Dazu müssen die Europäer auch mehr Geld an den Börsen anlegen, wie soll das klappen? Viele Europäer und gerade die Deutschen wollen das nicht.
Ja, und das ist ein Problem. Die Ersparnisse von US-Amerikanern liegen zu 30 Prozent in Aktien, in Europa sind es gerade einmal sechs Prozent. Aber: Europa muss Investitionen in Aktien erleichtern, um seine Wirtschaft zu fördern und seine Souveränität und die seiner Unternehmen zu wahren. Jetzt ist der richtige Zeitpunkt dafür – auch in Deutschland, weil klassische Sparprodukte wegen der anhaltend niedrigen Zinsen keine attraktiven Renditen mehr bieten.
Wie wollen Sie denn künftig in Deutschland wachsen? Die Konkurrenz ist groß, und viele Banken vertreiben in ihren Filialen vor allem die hauseigenen Produkte.
Das stimmt, trotzdem werden über diese Kanäle doch auch Produkte Dritter verkauft. Und wir sind ein Haus, das Kunden alle Arten von Anlagelösungen anbieten kann, sei es aktiv oder passiv. Deshalb planen wir, neue Vertriebspartnerschaften in Deutschland aufzubauen. Wir verwalten bereits 48 Mrd. Euro für deutsche Investoren und wollen in den nächsten drei Jahren 80 Mrd. Euro erreichen.
Sie wollen auch als Anbieter nachhaltiger Geldanlagen wachsen. Aber nach Ihren Kriterien dürfen Amundi-Fonds nur in 140 Unternehmen weltweit, die nach Ihren Regeln zu rückständig sind, nicht investieren. Reicht das angesichts von 40.000 Aktien auf der Welt?
Unsere – mit der Gründung von Amundi eingeführte – Nachhaltigkeitsmethodik basiert auf einem Best-in-Class-Ansatz, den wir bis 2021 auf alle Fonds aus-weiten wollen. Wir bewerten da, wie nachhaltig ein Konzern ist, und je nach Rating gewichten wir ein Unternehmen über oder unter – oder schließen es gleich ganz aus. So ermutigen wir -Manager und ihre Konzerne, sich hier zu verbessern.

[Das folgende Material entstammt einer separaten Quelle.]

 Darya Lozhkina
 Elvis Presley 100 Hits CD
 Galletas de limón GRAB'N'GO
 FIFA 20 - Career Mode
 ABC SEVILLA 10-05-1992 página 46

Trotzdem bleibt die Frage: Entstehen so wirklich bessere Unternehmen, kann eine Tabakfirma je ein Gesundheitskonzern werden?

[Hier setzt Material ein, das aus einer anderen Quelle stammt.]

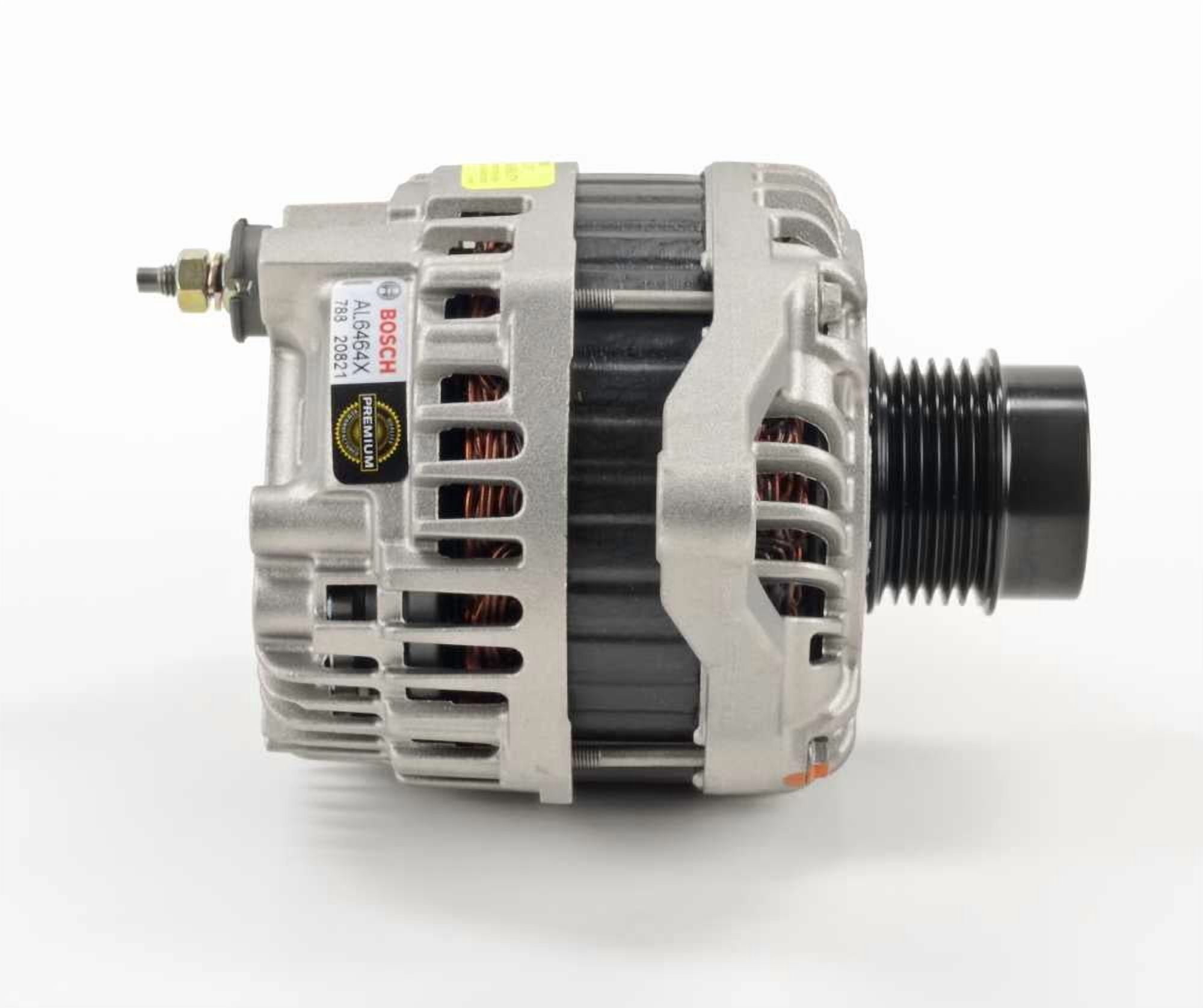 Bosch AL6464X Premium Alternator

Wie bereits erwähnt: Unser Ansatz soll nicht stigmatisieren. Zwar haben Tabakkonzerne die schlechtesten Nachhaltigkeitsrankings, wenn wir sie nach unserer Methode bewerten. So könnte ein Ausschluss wünschenswert sein. Aber ich tue mich schwer damit, für meine Investoren zu entscheiden, gewisse Branchen grundsätzlich auszuschließen, sei es Tabak oder Glücksspiel. Das ist eher eine politische Entscheidung, die jeder Investor individuell oder die Politik für alle entscheiden müsste. Wir als Finanzindustrie begleiten den Wandel zu mehr Nachhaltigkeit gern, wenn die Politik das wünscht. Aber wir können ihre Entscheidungen nicht ersetzen. Die Politik muss die Richtung vorgeben.